Leave every picture out and print exactly the lines that run from the one containing "THIKIN Women Wallet" to the end of the listing.

# [Provided material]
··········

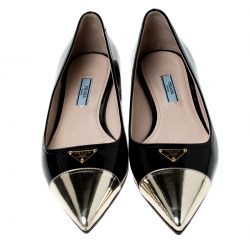 Pre Owned Prada Black Patent Leather And Metallic Gold Cap Toe Ballet Flats Size 38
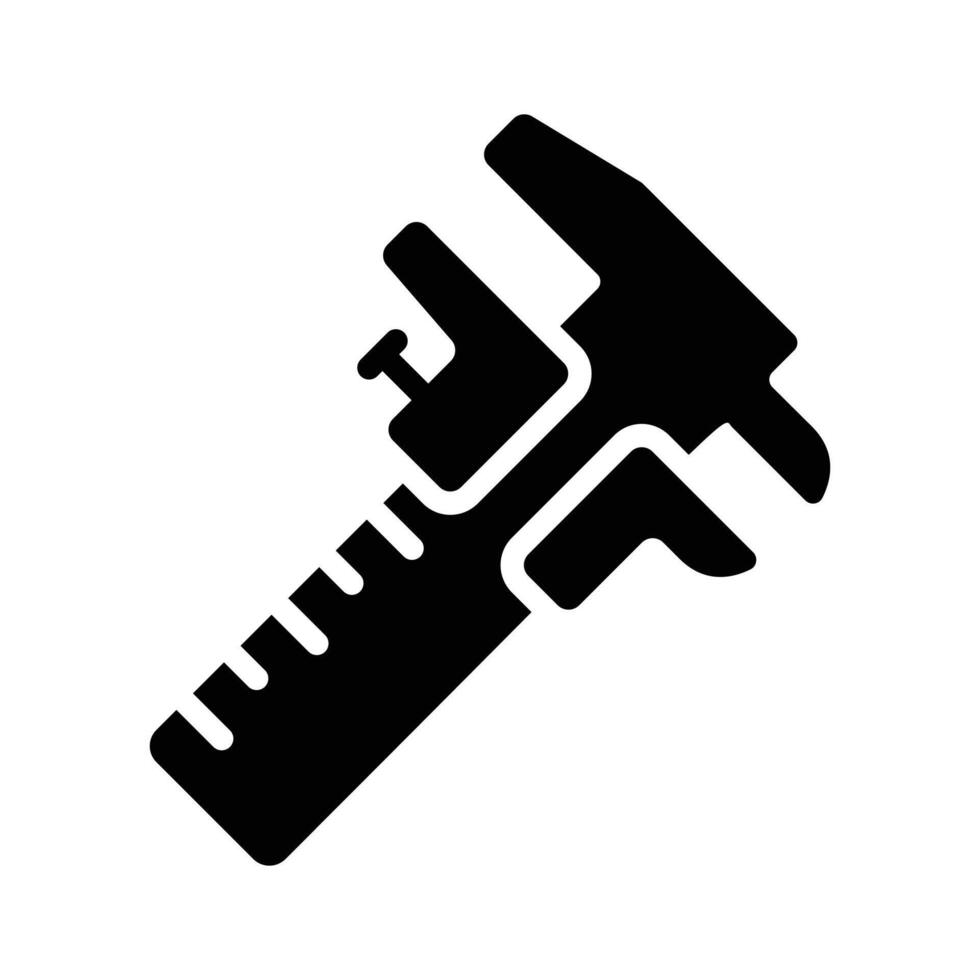 Vernier caliper icon designed in glyph style, vector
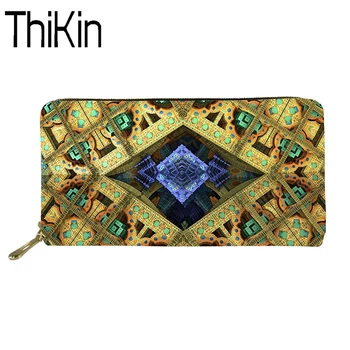 

THIKIN Women Wallet Men Purse Coin Purses&Holders Vintage Geometric Print Female Purses&Wallets Travel Slim Wallet Money Bag New
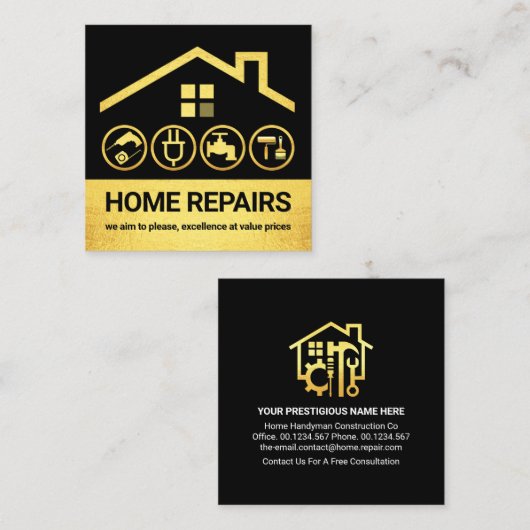 金ゴールドの屋根のフレームの手書きツール スクエア名刺 (正面/裏面)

··········

# [Answer to the problem]
THIKIN Women Wallet Men Purse Coin Purses&Holders Vintage Geometric Print Female Purses&Wallets Travel Slim Wallet Money Bag New
 金ゴールドの屋根のフレームの手書きツール スクエア名刺 (正面/裏面)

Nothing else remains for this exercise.